I have a set of RNA-seq gene expression data (normalized by RPM method) from different samples. I need to normalize gene expression values between 0 and 1.
Let:
MIN is minimum gene expression across all genes and all samples
MAX is maximum gene expression across all genes and all samples
MIN_X is minimum expression of gene X across all samples
MAX_X is maximum expression of gene X across all samples
Gene expression values for gene X can be calculated by one of following ways:
1: This results in very small gene expression values:
normalized gene expression X = (gene expression X - MIN ) / (MAX - MIN)
2: This results in loss of information about ratio of gene expression values:
normalized gene expression X = (gene expression X - MIN_X) ./ (MAX_X - MIN_X)
Is there a way to normalize gene expression values in the range [0,1] by avoiding the above issues?
Why don't you normalize with Z-score. That will indicate for each gene how much each sample deviates from the mean off all samples (per gene)?
Transform your counts to log2 and then do
t(scale(t(log2matrix)))
.I think by Z-score normalization the expression ratio between genes will be lost. Won't it?
Yes, that is exactly the point. Each gene can be visualized on the same scale. If you normalize between zero and one then this will be dominated by highly-expressed genes so it is difficult to see differences between genes that are not highly-expressed.

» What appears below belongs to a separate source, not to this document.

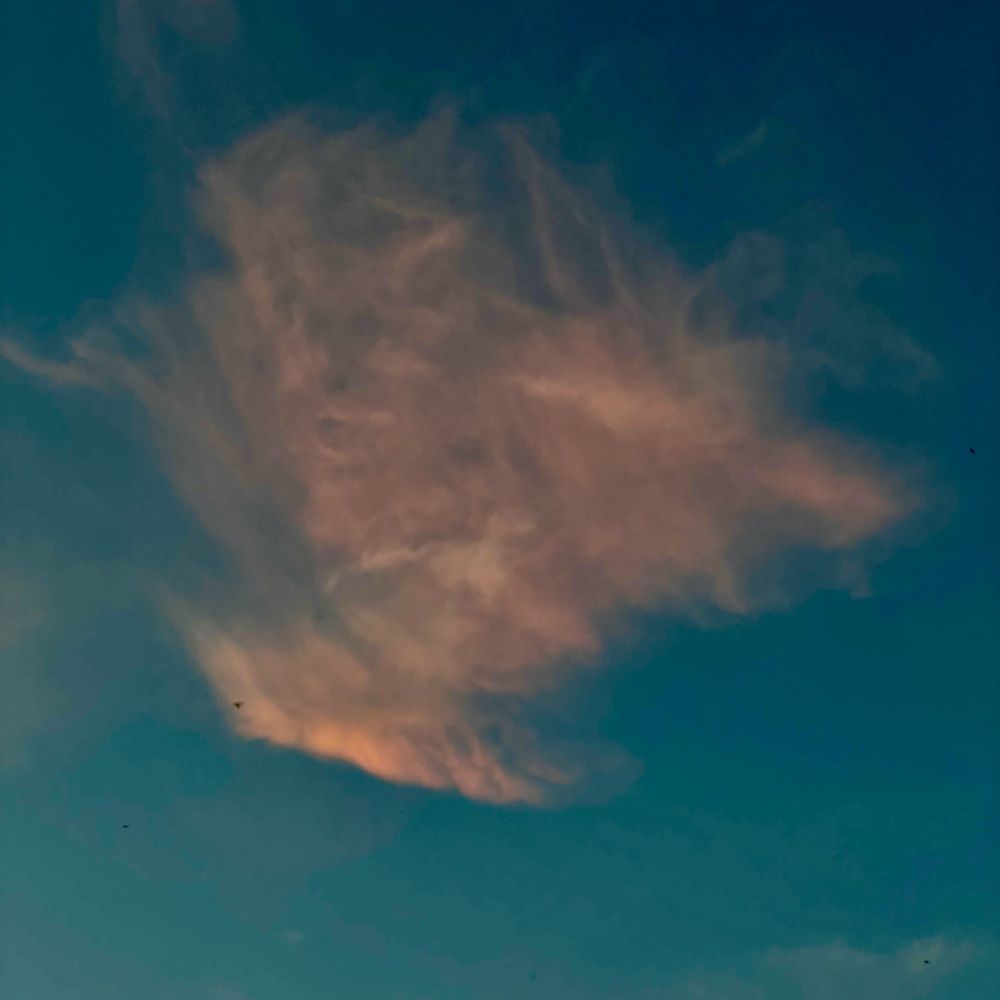 Photograph by Рузанна Гюрджян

What if I do Z-score normalization by mean and standard deviation of expression of all genes in all samples? Does it have any benefit over using gene-specific mean and standard deviation values? May you please explain about t and scale functions in
t(scale(t(log2matrix)))
?You want to divide by gene-specific SD since you have thousands of genes so the mean is not representative for every single gene. The
t
stands for transpose, and since scale will by default operate column-wise we have to transpose the matrix first to have it row-wise, and then after the job is done transpose it back so genes are again rows and samples are again columns.